7. The Yiddish Policemen’s Union

Wikipedia

In Michael Chabon’s novel The Yiddish Policemen’s Union, a chess player is murdered, with a presumably unfinished game of chess left at the scene of the crime. Or is it unfinished? Dun-dun-DUNNNNN.

8. Unsound Variations

SFRevu

In Dreamsongs, an anthology of short stories, George R.R. Martin writes about the repercussions of a missed sacrificing attack during a collegiate chess tournament. Martin, for his part, is a Life Member of the U.S. Chess Federation.

9. Deep Thought

Movies Era

In Douglas Adams’s novel The Hitchhiker’s Guide to the Galaxy, a powerful supercomputer named Deep Thought is built to find the ultimate answer to life, the universe, and everything. It makes perfect sense, then, that when IBM engineers built a powerful chess computer in 1989, they borrowed the name. Former world chess champion Garry Kasparov bested Deep Thought in both games of their match.

10. Through the Looking-Glass

Wikipedia

Lewis Carroll’s Through the Looking-Glass is based on a game of chess, with characters often represented as pieces, and scenes as squares on a board. Alice is, of course, a pawn; if she makes it to the eighth rank, she will become a queen.

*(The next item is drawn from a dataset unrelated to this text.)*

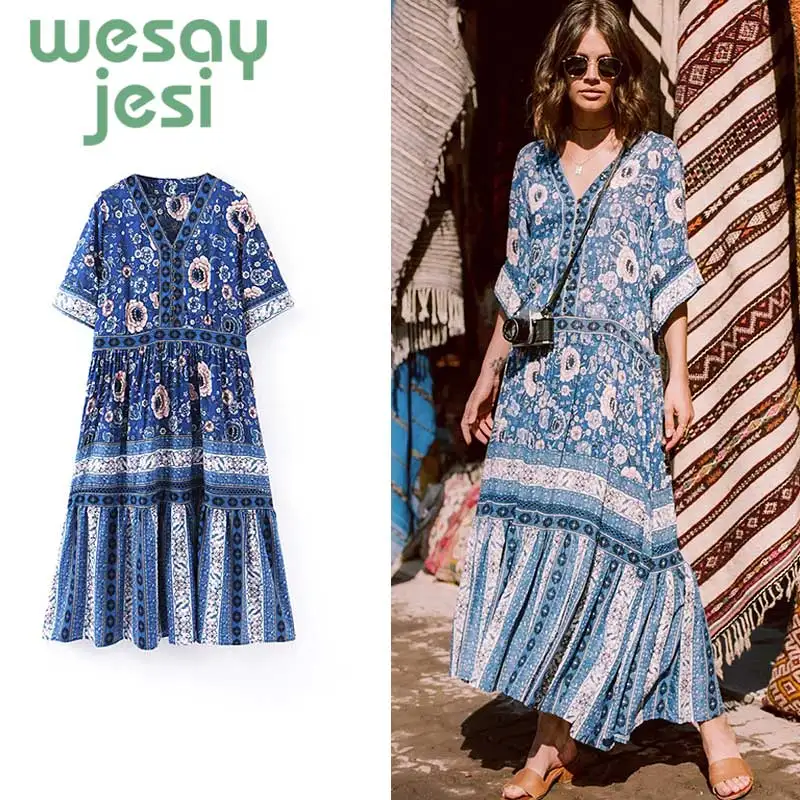 

Summer dress Bohemia style 2019 vintage Sweet half sleeve girls vestidos V-neck button casual chic dresses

11. Bill & Ted's Bogus Journey

After Bill and Ted are killed, the Grim Reaper promises to resurrect them if they can beat him in a game of chess. They opt for Battleship, Twister, and Clue.

12. Nightfall

Wikipedia

In Isaac Asimov’s Nightfall, a multiplayer chess variation is played that makes tri-dimensional chess seem reserved. “The men about the table had brought out a multi-chess board and started a six-member game. Moves were made rapidly and in silence. All eyes bent in furious concentration on the board.”

13. 1984

Goodreads

Syme, who works for the Ministry of Truth and is helping write the next edition of the Newspeak dictionary, is on Oceania’s chess committee. Winston knows that Syme has been vaporized when the latter’s name is quietly removed from the committee roster. “It looked almost exactly as it had looked before—nothing had been crossed out—but it was one name shorter. It was enough. Syme had ceased to exist: he had never existed.”

14. The Tempest

Wikimedia Commons

In the final scene of Shakespeare’s romance The Tempest, Ferdinand is found to be playing a game of chess against Miranda. Chess is an important symbol in the play. Prospero has moved the characters around his island much like a chess player might move pieces. Likewise, Prospero is, in a way, trying to capture a king—Ferdinand’s father, Alonso.

15. The Chessmen of Mars

Encyclopedia Barsoomia

Edgar Rice Burroughs was an avid chess player, going so far as to invent his own variant, called Jetan, in his 1922 novel The Chessmen of Mars.

16. Unicorn Variations

Wikipedia

Here’s how Unicorn Variations came about: author Roger Zelazny was asked to contribute to two different anthologies. One anthology asked for a story featuring a unicorn. The other anthology wanted a story set in a bar. Zelazny’s friend, George R.R. Martin, mentioned a third anthology with a chess theme, and suggested that he save himself a lot of work and just write a story about a unicorn playing chess at a bar. Zelazny went on to win a Hugo for the story.

17. The Seventh Seal

The Telegraph

In the 1957 Ingmar Bergman film The Seventh Seal, a knight challenges Death to a game of chess as a way of delaying his own demise. This film totally ripped off Bill and Ted’s Bogus Journey.

18. X-Men

Screenrant

At the very end of the first X-Men movie (the only good one), Professor X and Magneto play a game of chess. The pieces are, of course, made of glass.

19. Superman II

YourChess.net

In Superman II, Lex Luthor creates a hologram of himself playing chess, and uses it as a distraction for him to escape prison. Had Michael Bolton actually gone to a minimum-security prison in Office Space, he probably would have thought of this plot device and used it to make his own escape.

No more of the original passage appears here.